Fizemos com que o produto assumisse sua verdade e se colocasse como uma opção à Coca-Cola e não um concorrente direto. Transformamos a opção em algo bacana, colocamos na cabeça das pessoas que elas poderiam experimentar a Pepsi e que esse “Pode ser” também era uma opção incrível. Foi então que o consumidor se desarmou de uma série de sentimentos em relação a Pepsi. O mesmo vale para o Brasil, e esse é um comentário apartidário: a política brasileira tenta ser aquilo que não é e os políticos fingem ser o que não são. A cada quatro anos, eles tentam vender para a gente aquilo que eles nunca fizeram e não vão fazer. Na última eleição, a presidente Dilma vendeu o discurso publicitário de um Brasil bacana e todos nós sabemos que o País não está legal.

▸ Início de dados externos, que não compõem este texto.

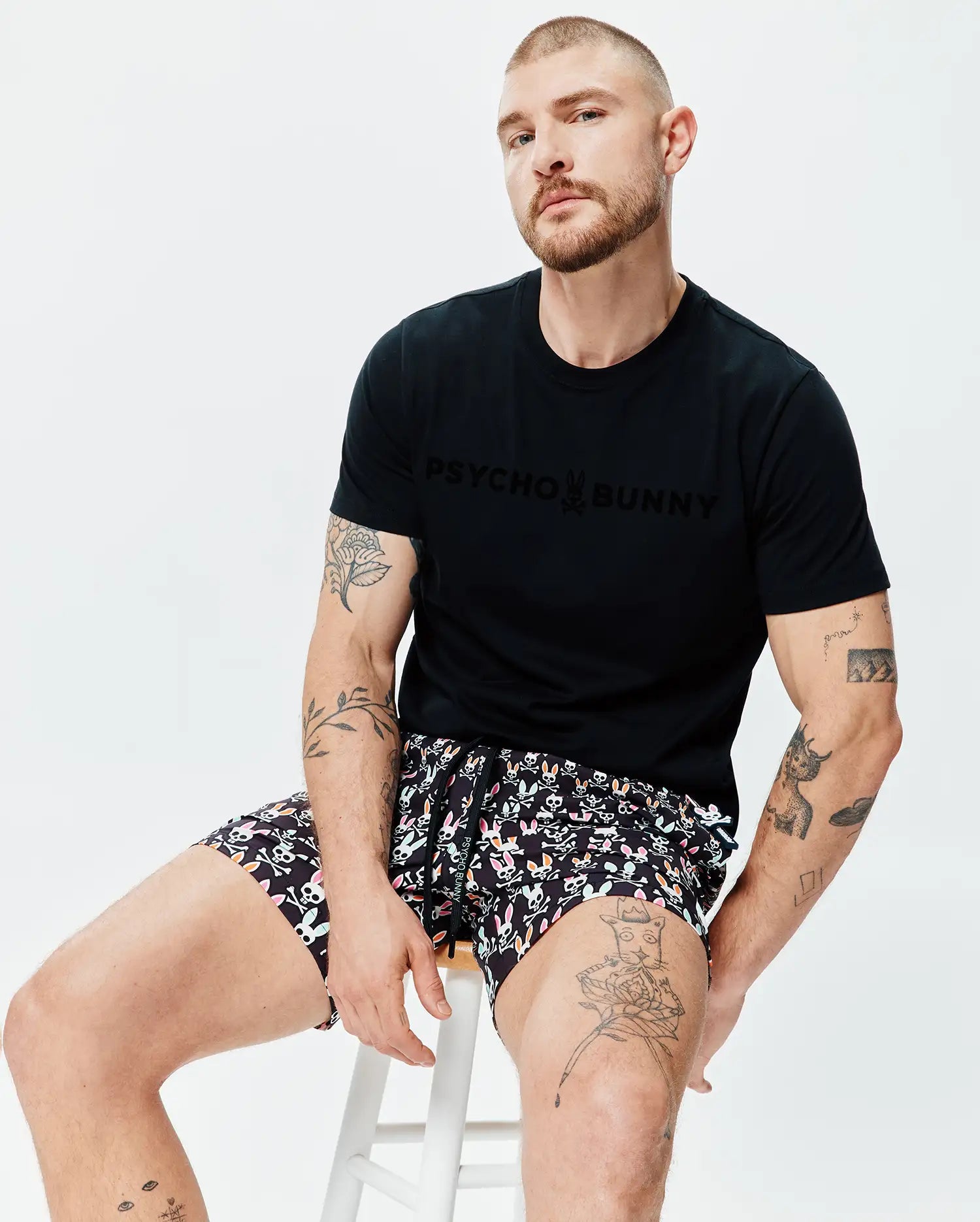 Mens Royce Graphic Tee, a black classic-fit jersey t-shirt with a large tonal PSYCHO BUNNY chest logo, paired with black multi-color all-over bunny skull and crossbones print shorts. (5)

Em São Paulo, o governador Geraldo Alckmin disse que não ia faltar água, que não haveria racionamento, quando ele já existia. Esse discurso publicitário da política, essa mania de achar que fazer marketing e propaganda é contar balela, que basta criar um bom jingle, uma boa frase de efeito, não cola mais. Não adianta falar que não vai faltar água, que o trem vai chegar na hora exata, que a violência foi reduzida, que a inflação e o dólar estão controlados, e que tudo está mui- to bem, porque as pessoas sabem que tudo isso é mentira. Essa crença absoluta dos políticos no poder do marketing fez com que a gente acreditasse menos no Brasil. Transformou um bom produto em algo muito pior. A verdade seria a melhor ferramenta de marketing para o Brasil, mas, por enquanto, ela parece estar longe de acontecer.